▶ **Action item**
Work out the count of lines in the entries below that include "Concept", and write only that count.

▶ **Brief descriptive captions**

::::::::::

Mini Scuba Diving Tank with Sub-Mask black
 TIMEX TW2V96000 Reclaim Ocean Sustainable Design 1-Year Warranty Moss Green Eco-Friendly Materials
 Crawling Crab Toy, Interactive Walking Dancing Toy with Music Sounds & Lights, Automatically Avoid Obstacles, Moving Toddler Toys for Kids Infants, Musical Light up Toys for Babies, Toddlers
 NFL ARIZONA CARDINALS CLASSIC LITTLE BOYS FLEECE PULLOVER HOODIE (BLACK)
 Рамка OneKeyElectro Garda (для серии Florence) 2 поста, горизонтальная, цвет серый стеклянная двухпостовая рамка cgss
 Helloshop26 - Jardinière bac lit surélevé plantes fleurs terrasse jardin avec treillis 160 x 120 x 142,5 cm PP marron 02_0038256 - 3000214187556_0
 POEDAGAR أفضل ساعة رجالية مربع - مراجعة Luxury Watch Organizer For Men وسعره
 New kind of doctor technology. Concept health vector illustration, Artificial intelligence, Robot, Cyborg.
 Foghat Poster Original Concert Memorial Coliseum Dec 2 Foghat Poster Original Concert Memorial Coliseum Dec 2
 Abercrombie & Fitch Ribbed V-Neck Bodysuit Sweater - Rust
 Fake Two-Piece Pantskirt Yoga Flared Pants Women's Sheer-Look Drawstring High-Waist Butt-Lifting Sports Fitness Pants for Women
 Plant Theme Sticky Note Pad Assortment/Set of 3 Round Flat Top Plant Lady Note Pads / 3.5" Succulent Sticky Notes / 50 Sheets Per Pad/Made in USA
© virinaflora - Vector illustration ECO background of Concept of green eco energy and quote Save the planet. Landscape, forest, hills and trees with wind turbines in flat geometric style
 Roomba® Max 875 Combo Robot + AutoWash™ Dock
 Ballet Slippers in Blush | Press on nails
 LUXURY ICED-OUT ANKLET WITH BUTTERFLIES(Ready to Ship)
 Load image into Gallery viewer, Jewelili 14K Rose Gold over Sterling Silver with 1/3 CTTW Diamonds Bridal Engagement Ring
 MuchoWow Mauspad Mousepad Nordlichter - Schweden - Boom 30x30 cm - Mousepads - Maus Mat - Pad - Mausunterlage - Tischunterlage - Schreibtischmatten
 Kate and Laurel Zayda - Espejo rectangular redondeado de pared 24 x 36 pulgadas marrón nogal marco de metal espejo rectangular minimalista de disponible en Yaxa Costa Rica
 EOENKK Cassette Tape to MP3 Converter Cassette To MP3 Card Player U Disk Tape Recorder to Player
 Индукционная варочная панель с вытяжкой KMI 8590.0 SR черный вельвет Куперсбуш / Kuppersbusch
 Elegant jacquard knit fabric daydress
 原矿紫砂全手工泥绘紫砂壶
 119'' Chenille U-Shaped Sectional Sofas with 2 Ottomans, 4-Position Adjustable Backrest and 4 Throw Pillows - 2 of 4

::::::::::

▶ **Response for this exercise**
2